▸ PROMPT
Below are entries with pictures in them. Output exactly the lines starting at the line with "A、C 相电压线对调，互感器需要调整吗？" and ending at the line with "3510 N Oketo Avenue, Chicago, IL 60634", both included, but not the pictures.

▸ PROVIDED MATERIAL
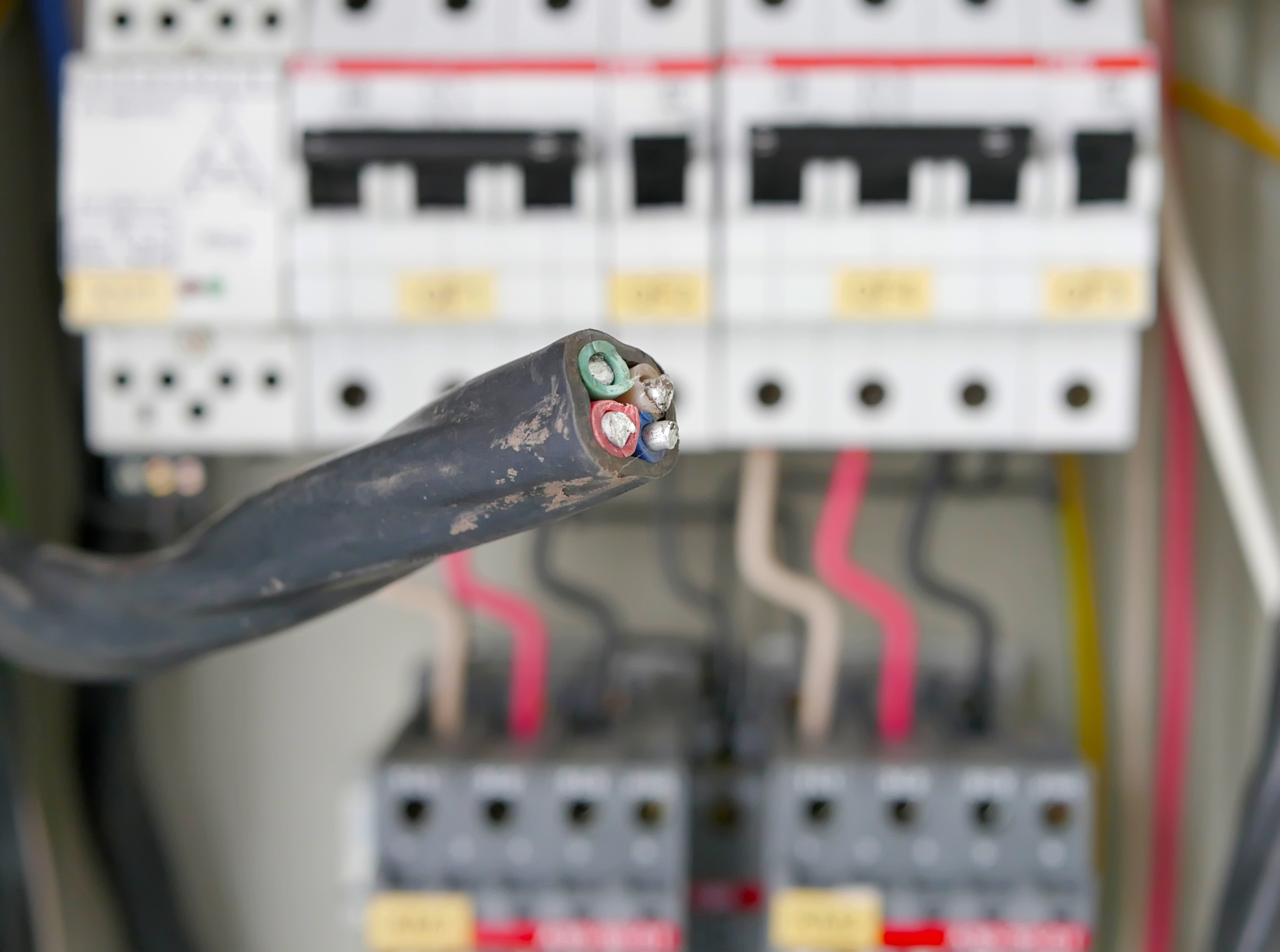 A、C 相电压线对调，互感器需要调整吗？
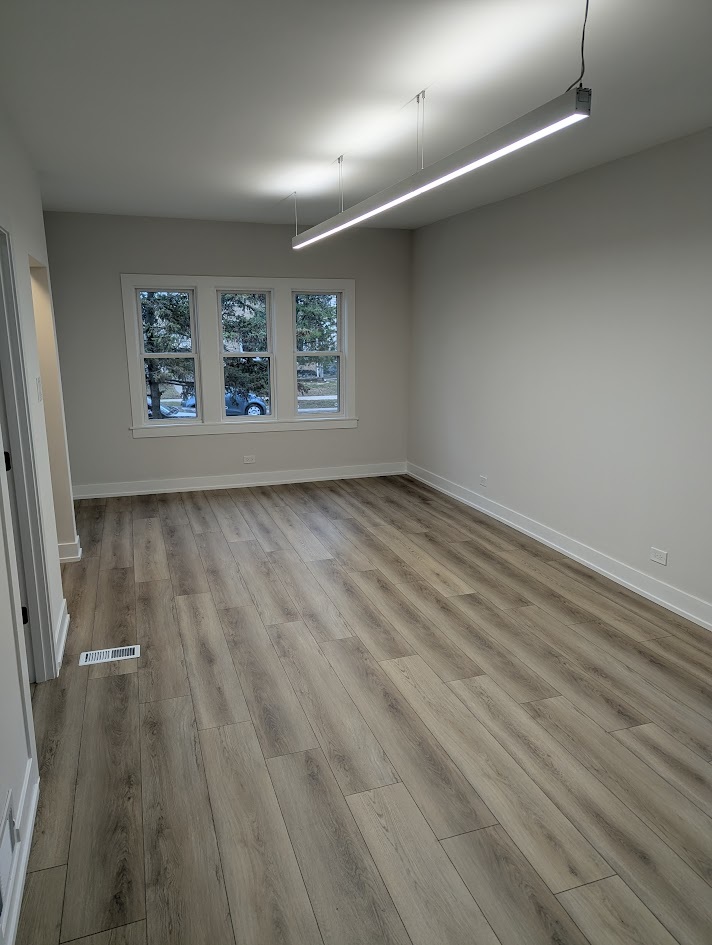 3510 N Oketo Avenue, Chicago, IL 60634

--

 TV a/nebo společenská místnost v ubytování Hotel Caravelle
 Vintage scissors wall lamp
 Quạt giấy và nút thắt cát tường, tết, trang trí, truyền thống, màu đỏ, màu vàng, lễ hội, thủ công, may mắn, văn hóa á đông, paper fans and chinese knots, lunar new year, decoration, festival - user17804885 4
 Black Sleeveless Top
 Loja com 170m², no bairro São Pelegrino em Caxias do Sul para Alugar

--

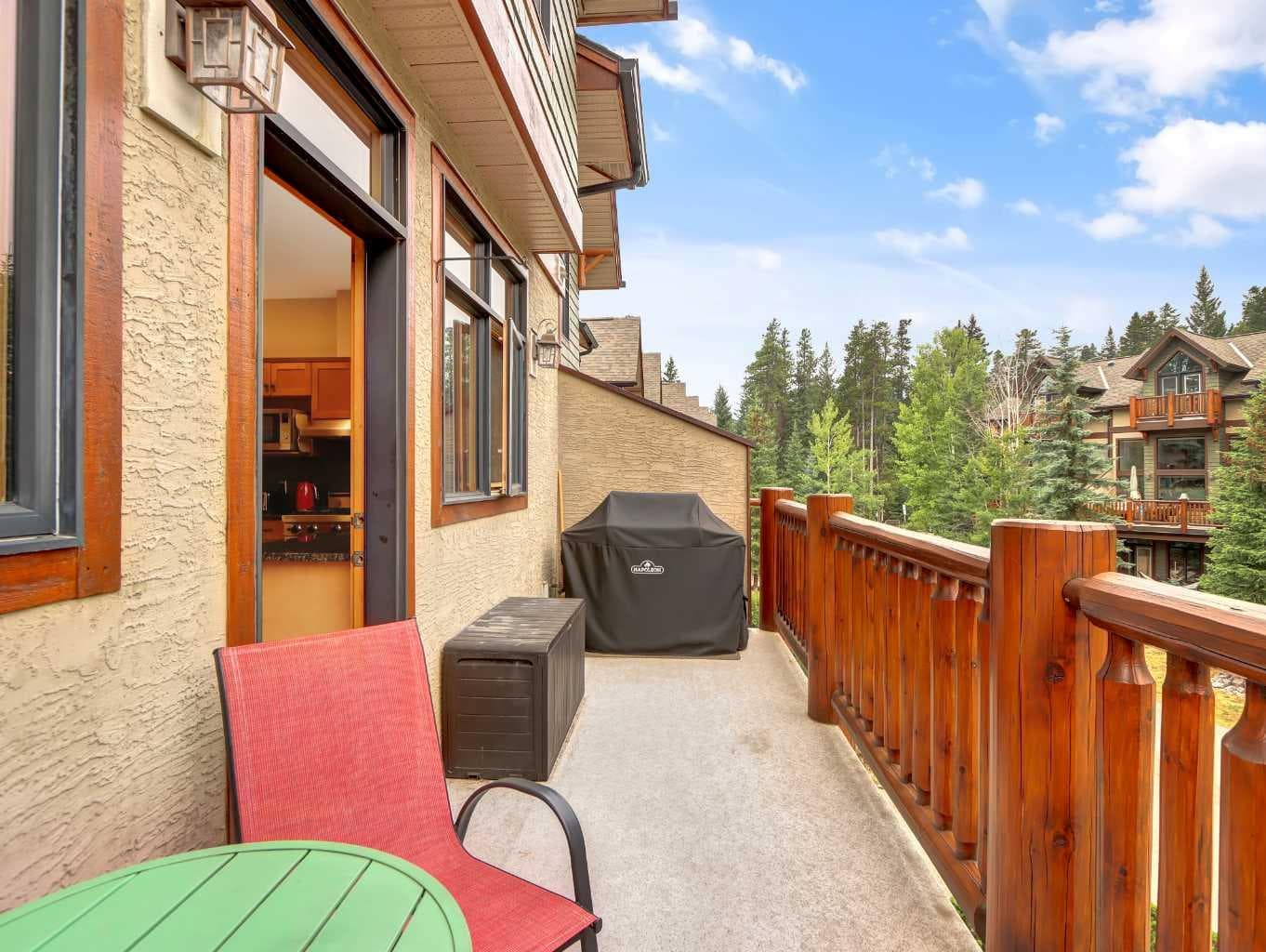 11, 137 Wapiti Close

▸ TASK SOLUTION
 A、C 相电压线对调，互感器需要调整吗？
 3510 N Oketo Avenue, Chicago, IL 60634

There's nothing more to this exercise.